Task brief =
Write out exactly, and only, the lines below from the line with "Cropped Feminino Manga" through the line with "Resilient LX Satchel Bags 934"; pictures do not belong in the copy.

Source information =
# # #

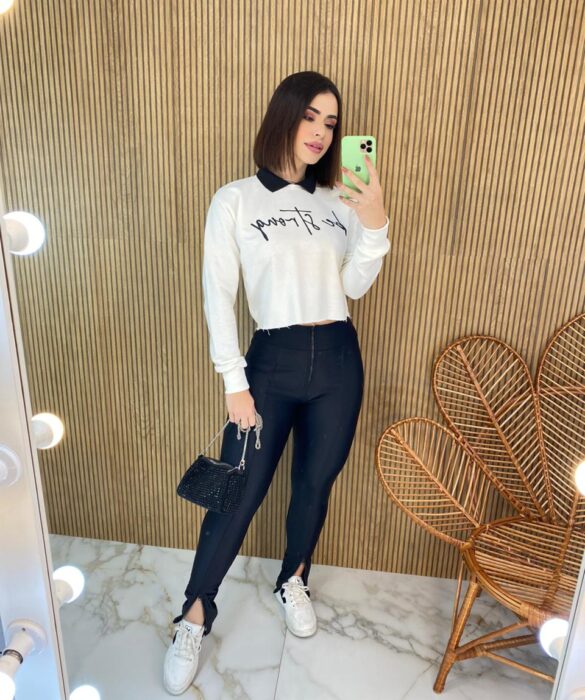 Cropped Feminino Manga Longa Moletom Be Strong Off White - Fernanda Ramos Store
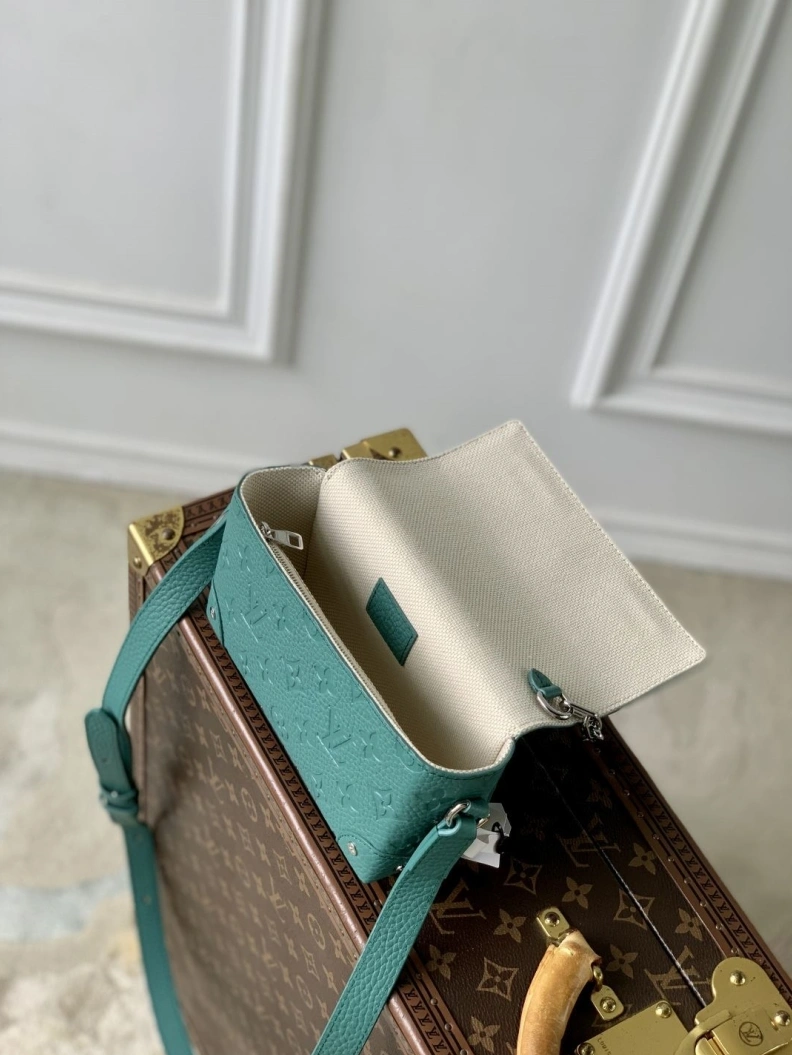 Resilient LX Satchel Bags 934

# # #

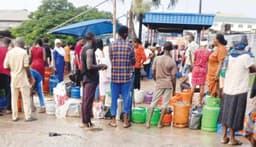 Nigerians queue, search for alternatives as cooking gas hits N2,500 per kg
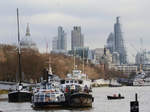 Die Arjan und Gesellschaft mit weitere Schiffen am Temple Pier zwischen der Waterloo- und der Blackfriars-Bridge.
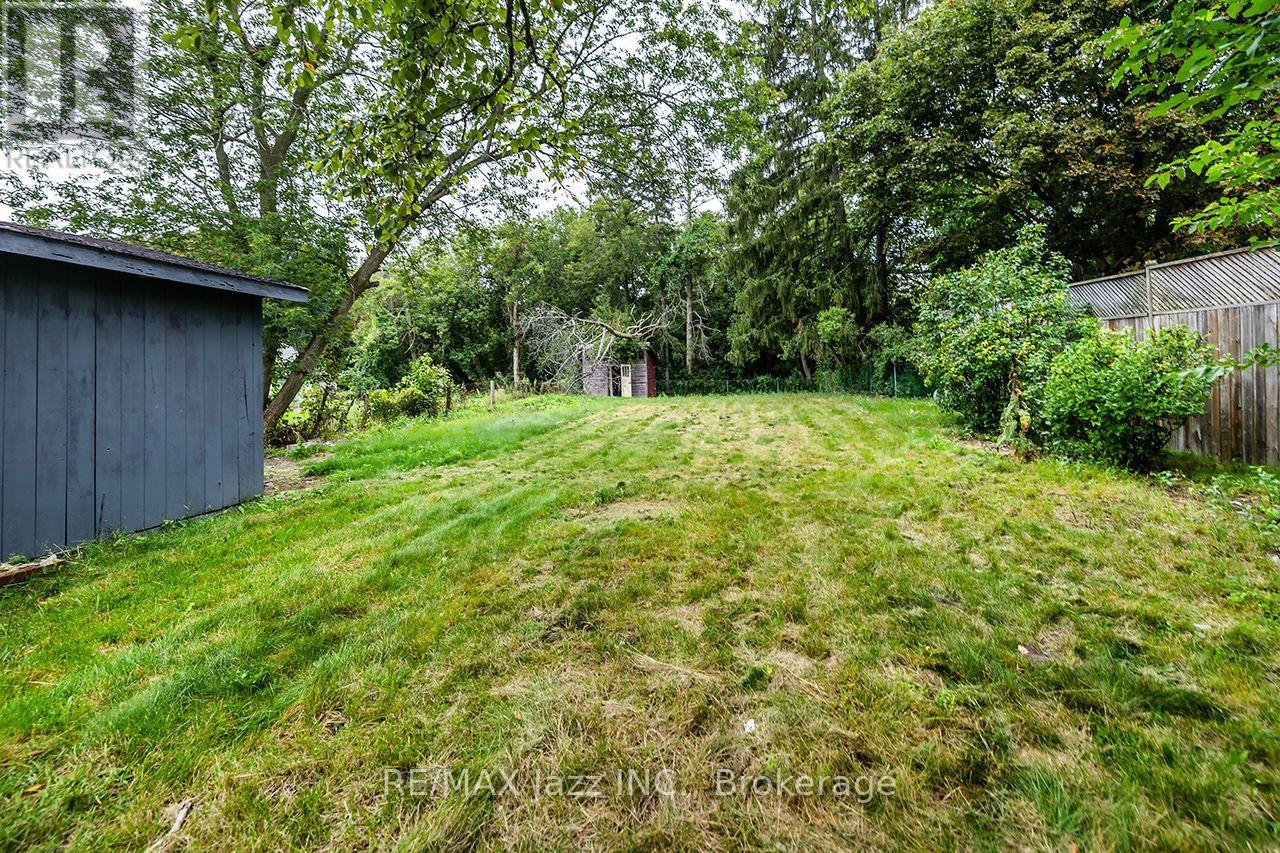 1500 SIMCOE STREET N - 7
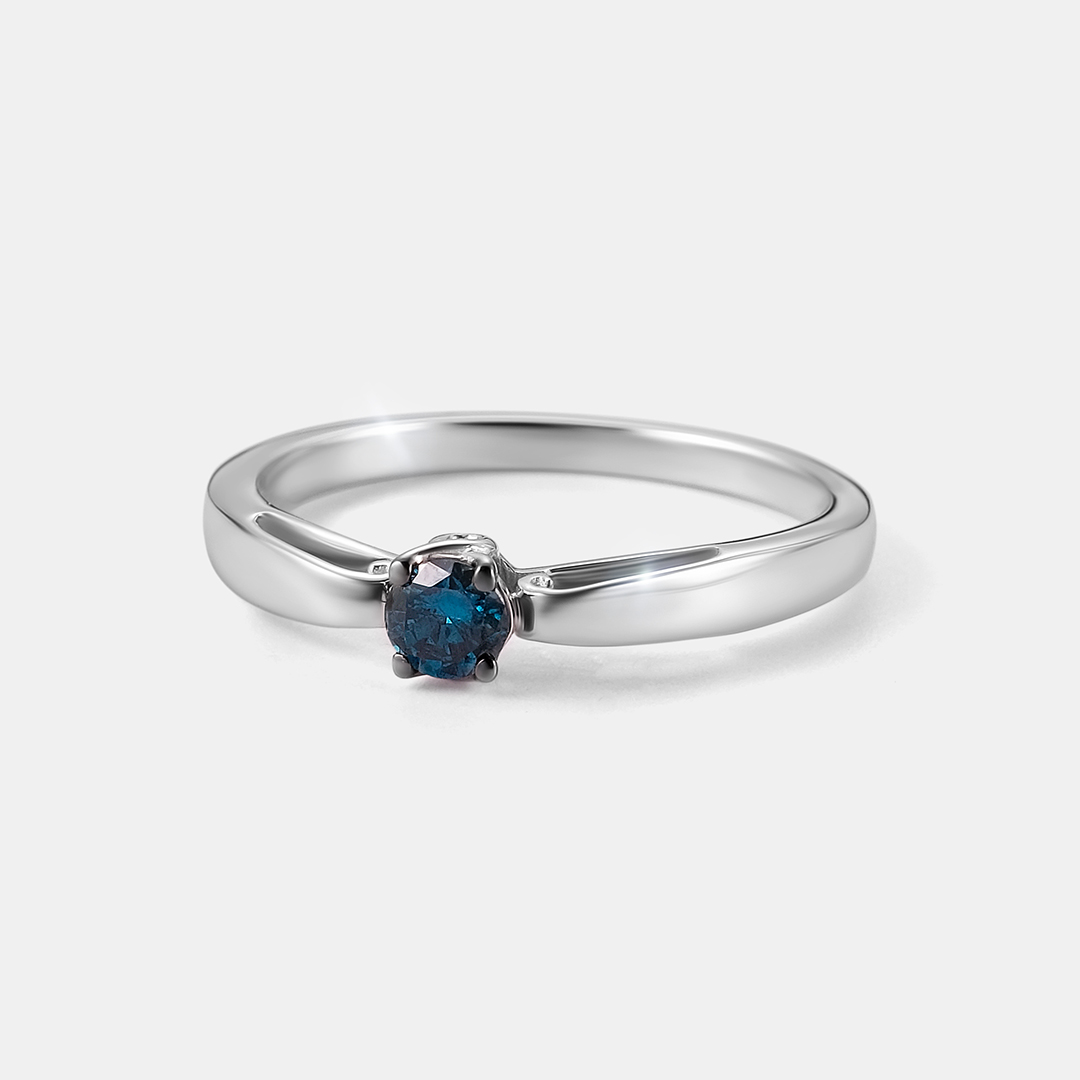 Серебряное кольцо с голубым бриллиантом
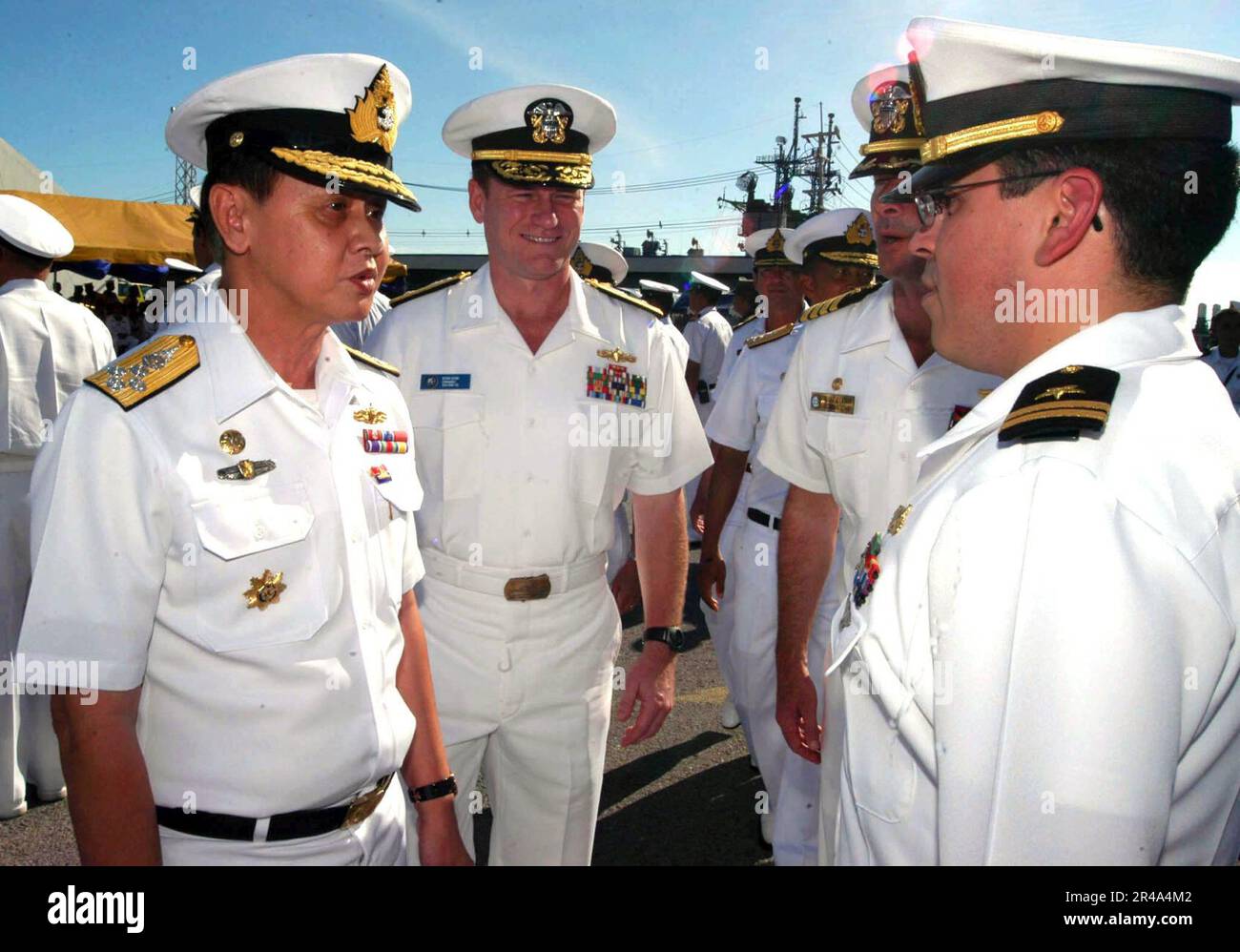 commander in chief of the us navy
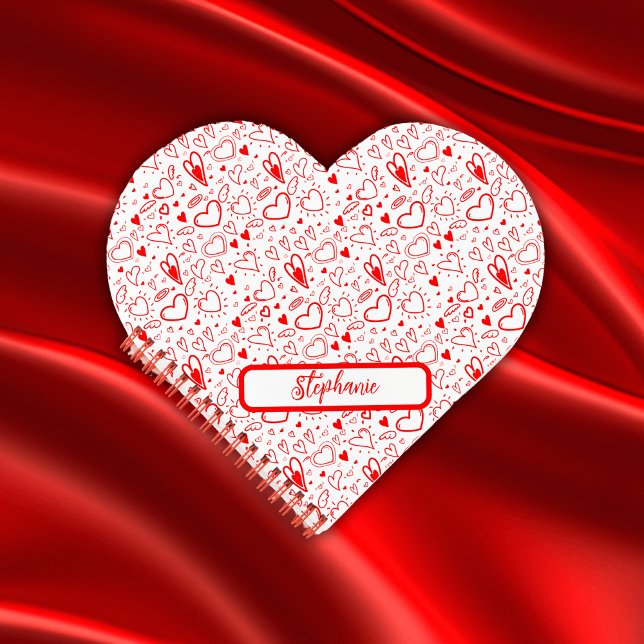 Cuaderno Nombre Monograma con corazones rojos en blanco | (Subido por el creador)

# # #

Output =
 Cropped Feminino Manga Longa Moletom Be Strong Off White - Fernanda Ramos Store
 Resilient LX Satchel Bags 934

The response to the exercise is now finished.